### Your goal
Output the lines of the entries below beginning at the one with "Tán Trụ Tự Dính Kín Thép BSO-M4-22" and ending with the last, exactly as written and without pictures.

### Brief descriptive captions
::::

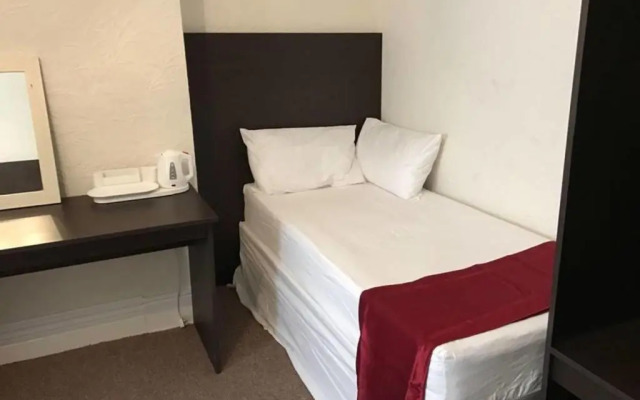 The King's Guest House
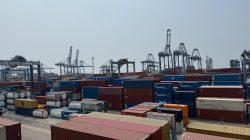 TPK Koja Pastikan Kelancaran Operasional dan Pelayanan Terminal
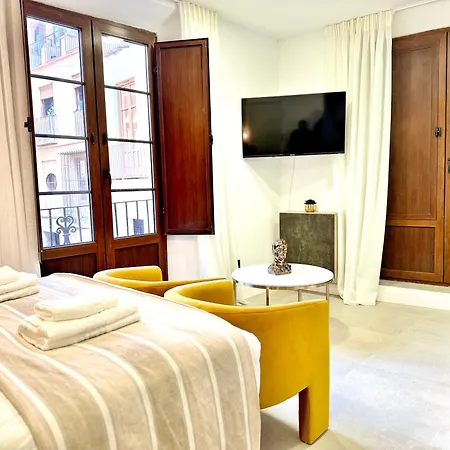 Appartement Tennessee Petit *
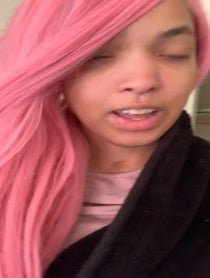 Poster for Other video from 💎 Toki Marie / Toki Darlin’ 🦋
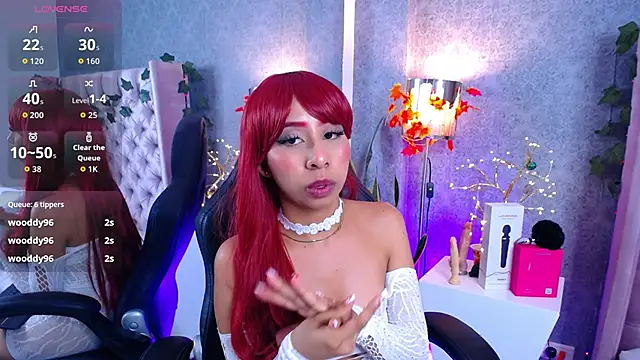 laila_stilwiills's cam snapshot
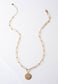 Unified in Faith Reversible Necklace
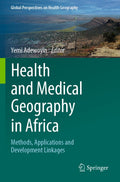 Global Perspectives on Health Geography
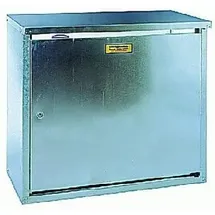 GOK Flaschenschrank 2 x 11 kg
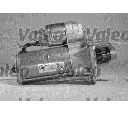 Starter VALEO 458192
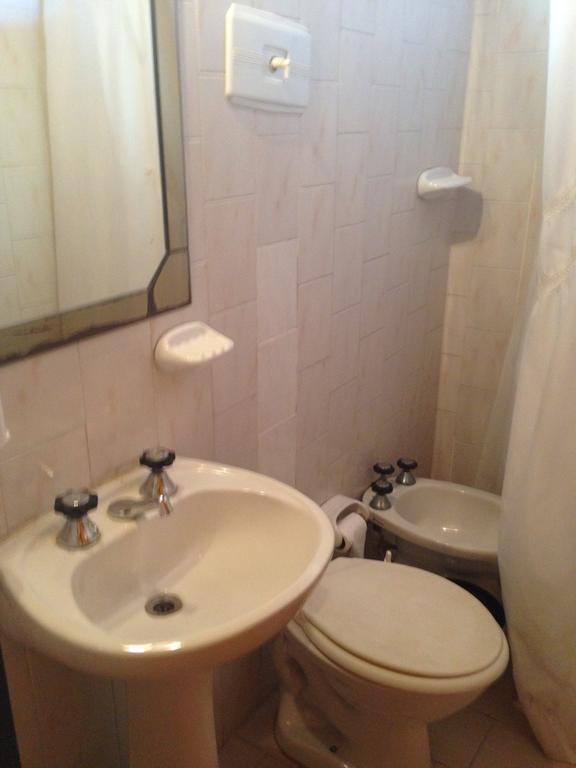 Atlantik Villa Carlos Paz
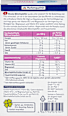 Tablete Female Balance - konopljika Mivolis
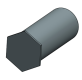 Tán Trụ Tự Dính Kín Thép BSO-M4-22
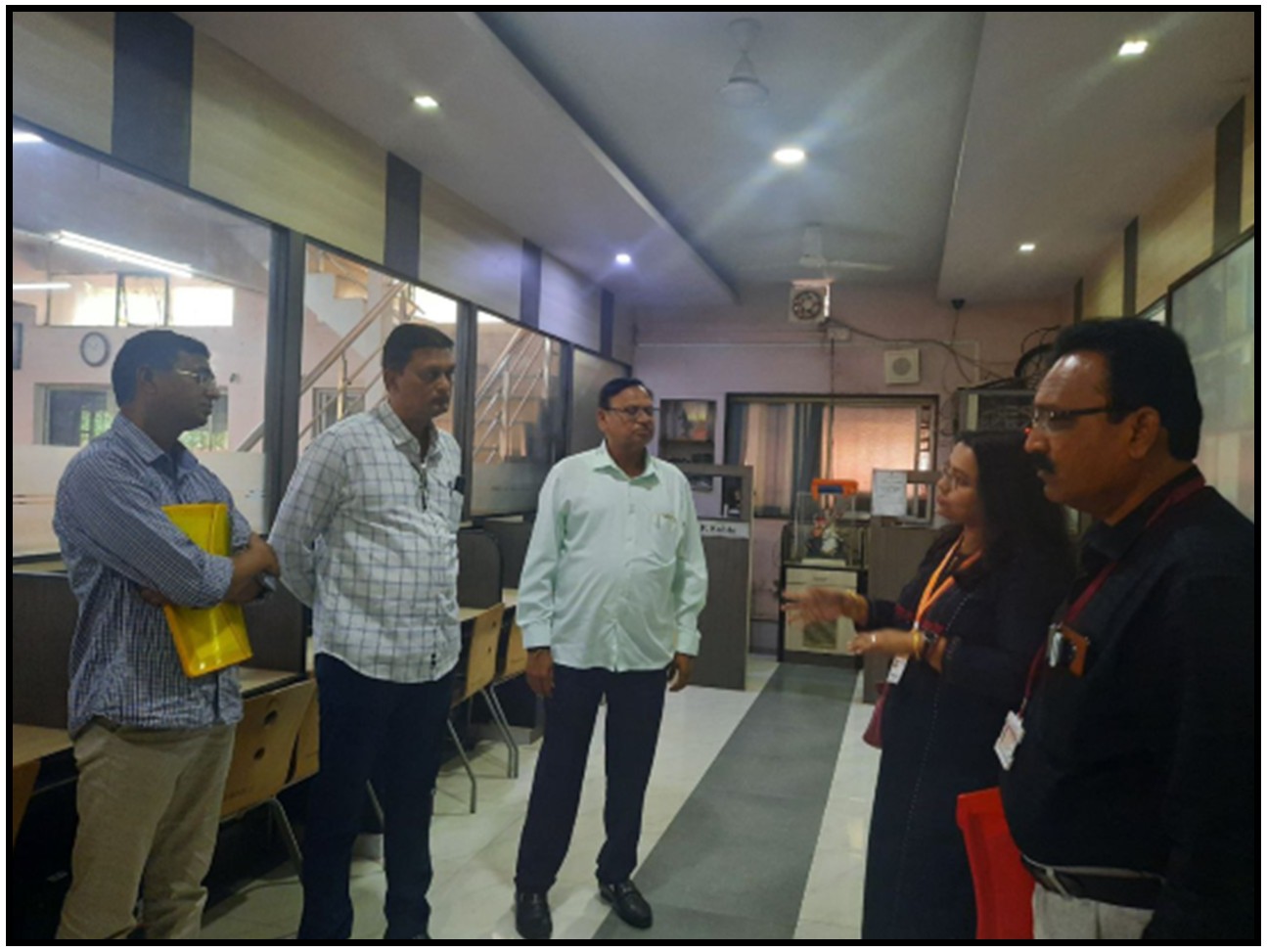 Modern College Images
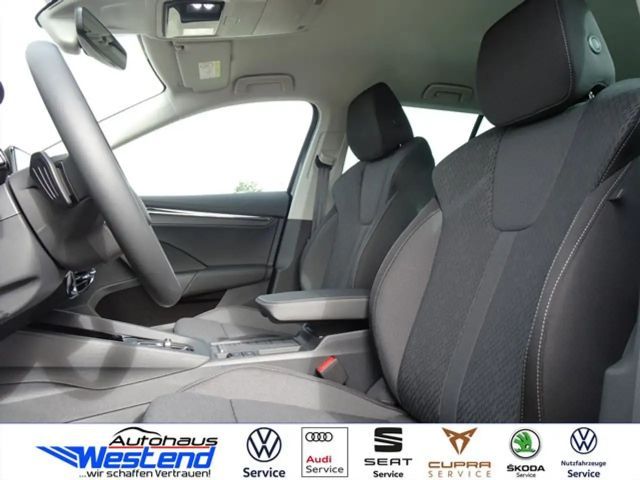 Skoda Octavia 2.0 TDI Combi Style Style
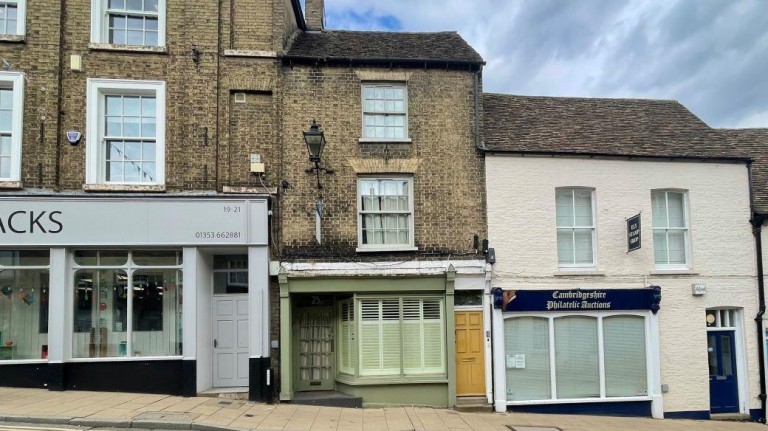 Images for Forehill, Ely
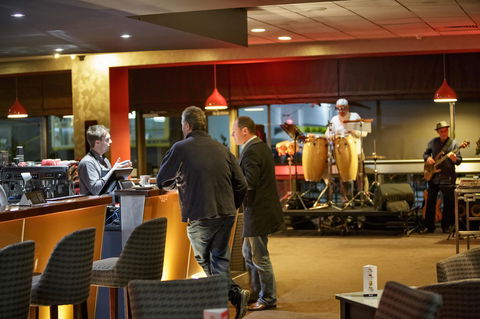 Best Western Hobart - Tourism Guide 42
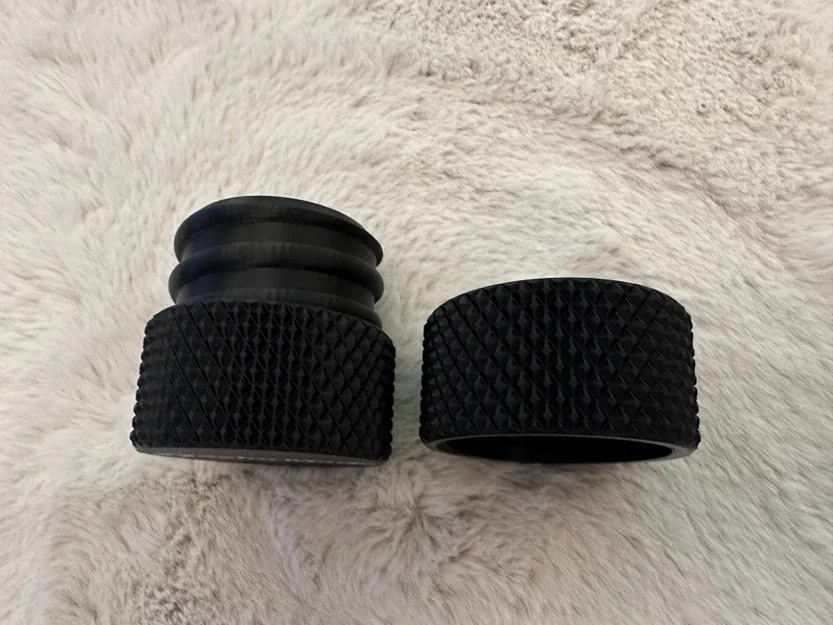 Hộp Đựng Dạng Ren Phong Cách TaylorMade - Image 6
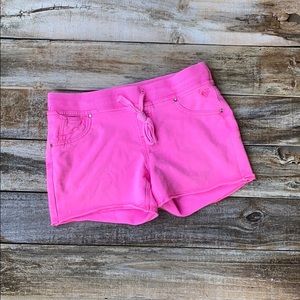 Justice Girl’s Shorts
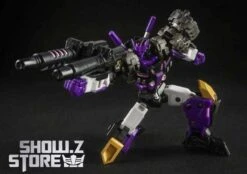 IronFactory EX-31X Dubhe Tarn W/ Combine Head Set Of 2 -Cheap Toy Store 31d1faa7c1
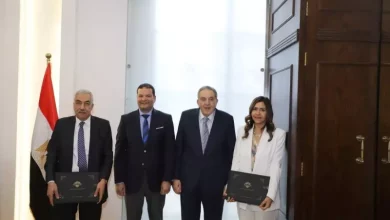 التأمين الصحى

::::

### Output for this task
 Tán Trụ Tự Dính Kín Thép BSO-M4-22
 Modern College Images
 Skoda Octavia 2.0 TDI Combi Style Style
 Images for Forehill, Ely
 Best Western Hobart - Tourism Guide 42
 Hộp Đựng Dạng Ren Phong Cách TaylorMade - Image 6
 Justice Girl’s Shorts
 IronFactory EX-31X Dubhe Tarn W/ Combine Head Set Of 2 -Cheap Toy Store 31d1faa7c1
 التأمين الصحى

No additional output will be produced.